MULTI-PHOTON POLYMERIZATION OF WAVEGUIDE STRUCTURES WITHIN 3D-PHOTONIC CRYSTALS

Wonmok Lee 

Postdoctoral Research Associate, Advanced Chemical Systems Group, Beckman Institute, UIUC

10/4/2001

3rd Floor tower, 3269 Beckman 

Three-dimensional (3D) photonic bandgap (PBG) materials have recently generated great interest for their potential for photonic applications.  3D PBG structures have been postulated as the basis of low-loss waveguides, optical cavities, zero-threshold microlasers, etc. It is believed, for example, that PBG-based waveguides containing bends of radii only several times the wavelength of the propagating light will have very low losses.
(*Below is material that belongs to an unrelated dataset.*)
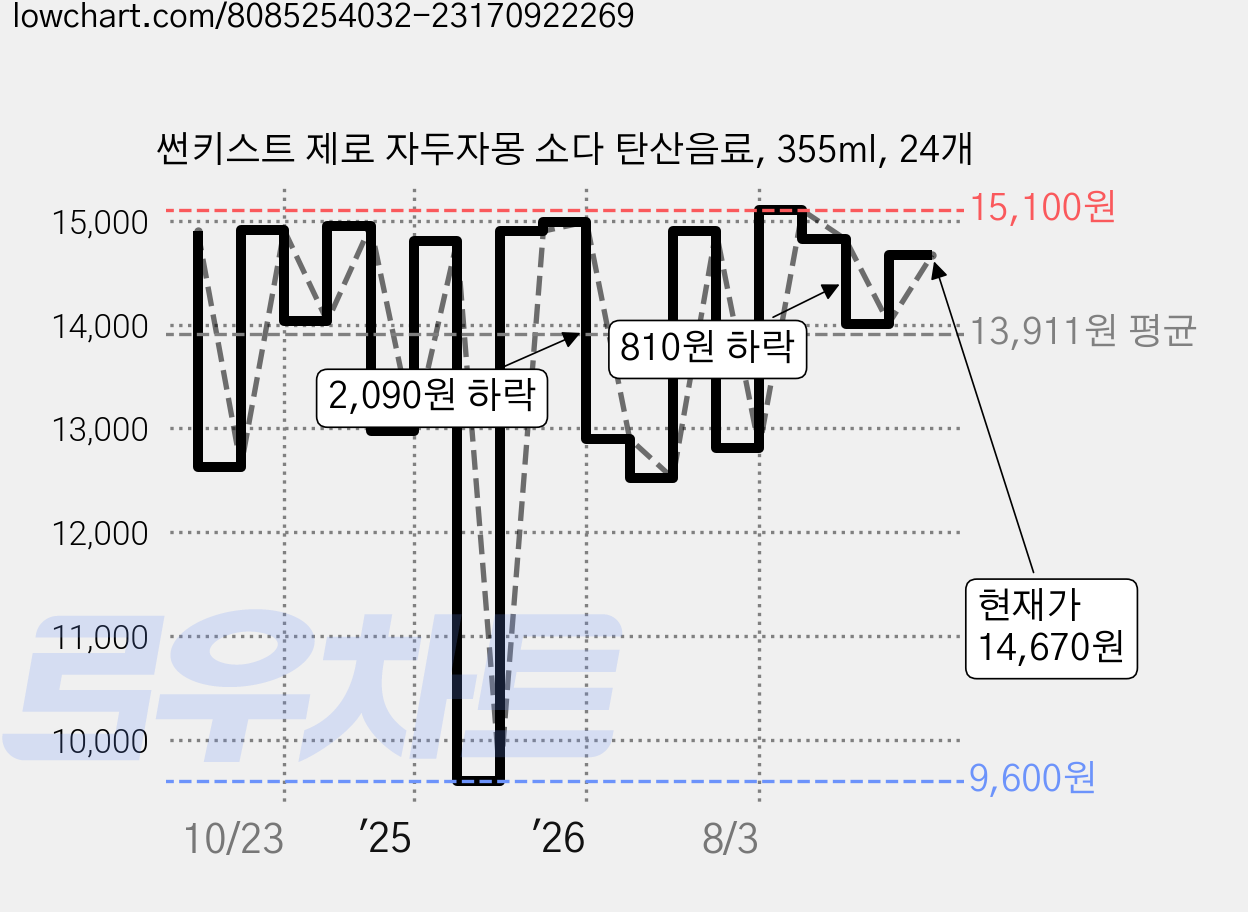 썬키스트 제로 자두자몽 소다 탄산음료, 355ml, 24개 가격 변동 차트, 현재가 14,670원, 관측 최저가 9,600원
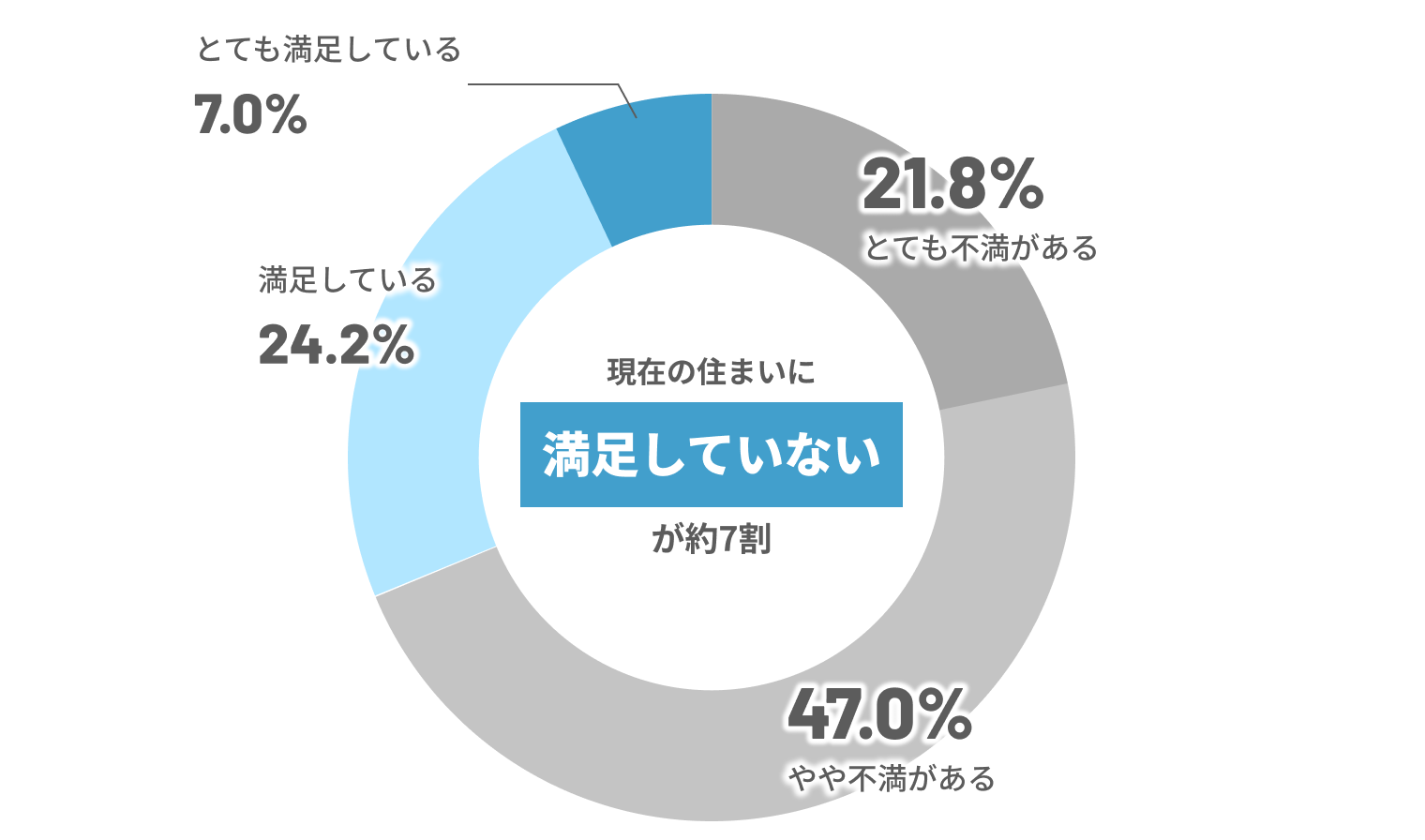 現在の住まいに満足していないが約7割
However, fabrication of PBG-based waveguides and optical cavities will require incorporation of line and point defects, respectively, within 3D PBG structures.  Although layer-by-layer lithographic techniques allow precise control over defect fabrication, they are tedious, expensive, and limited to structures consisting of a finite number of layers. A facile route to 3D periodic structures is colloidal self-assembly. Here we demonstrate the use of a laser scanning confocal microscope (LSCM) for multi-photon polymerization of high resolution 3D patterns in the interior of colloidal crystals.  Multi-photon polymerization is unique in its ability to fabricate intricate submicron 3D features because of the nonlinear sensitivity of the photoinitiation step to photon flux.  We examined various multi-photon polymerization systems, some of which appear to have great promise for defined defect fabrication within self-assembled photonic crystals for the development of PBG-based devices.